== EXERCISE DIRECTIONS ==
Repeat every line of the data exactly; no picture belongs in the copy.

== RECORDED INFORMATION ==
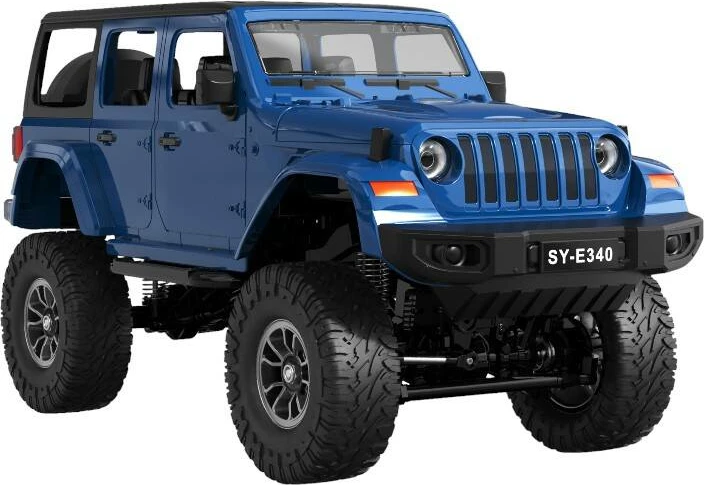 Terensko daljinsko vodeno vozilo Double Eagle Jeep Crawler Pro E340-003, 1:14, modro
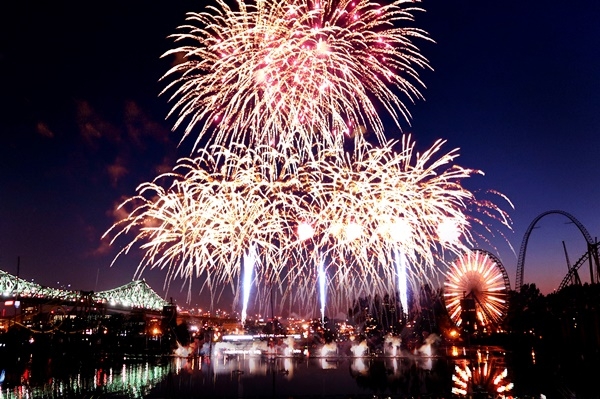 캐나다 몬트리올 국제불꽃축제.(사진=㈜한화)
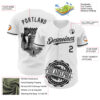 Custom White Black 3D Pattern Design Philadelphia Cityscape Liberty Bell Authentic Baseball Jersey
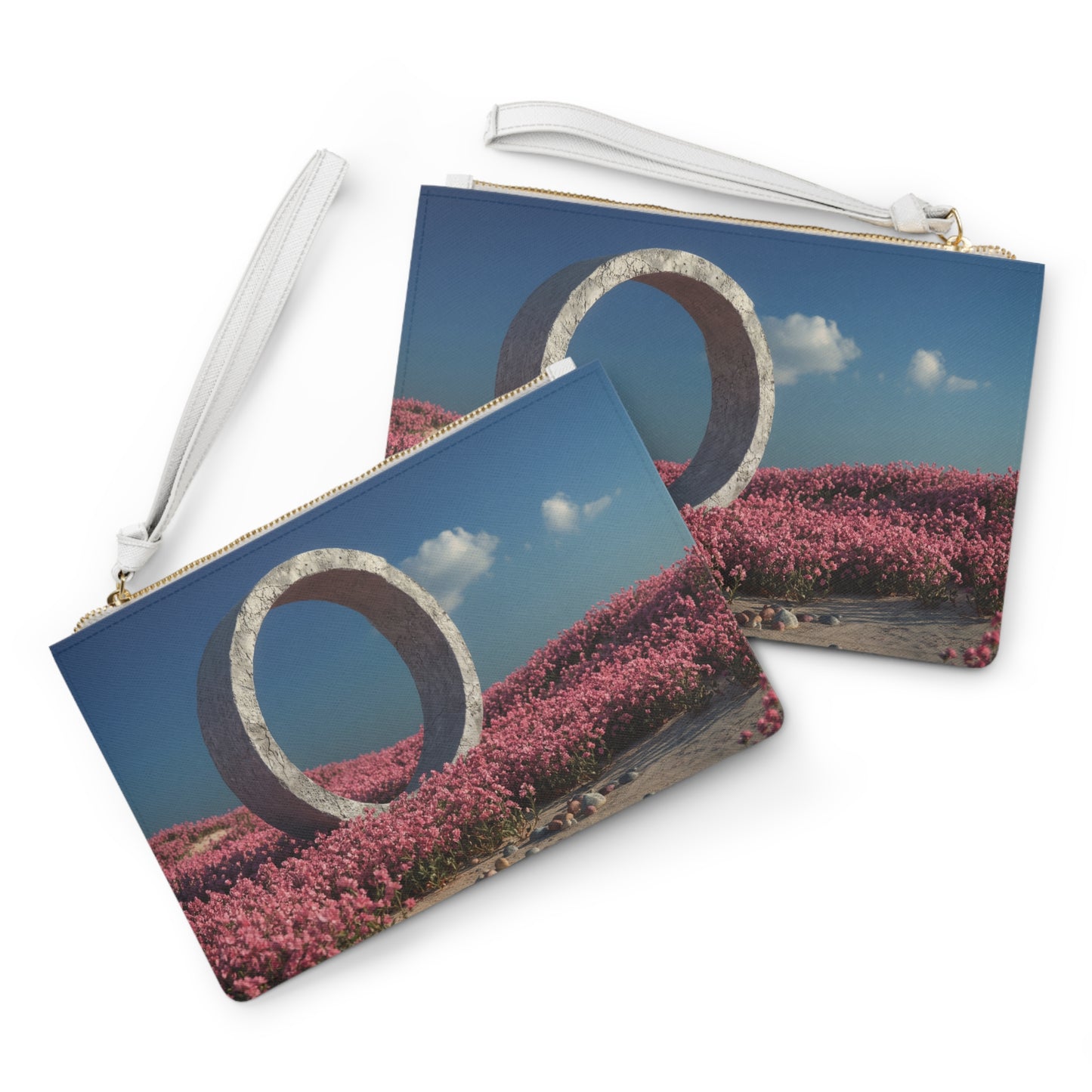 Celestial Ring Clutch Bag – Pink Bloomed Sanctuary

== ANSWER TO THIS EXERCISE ==
 Terensko daljinsko vodeno vozilo Double Eagle Jeep Crawler Pro E340-003, 1:14, modro
 캐나다 몬트리올 국제불꽃축제.(사진=㈜한화)
 Custom White Black 3D Pattern Design Philadelphia Cityscape Liberty Bell Authentic Baseball Jersey
 Celestial Ring Clutch Bag – Pink Bloomed Sanctuary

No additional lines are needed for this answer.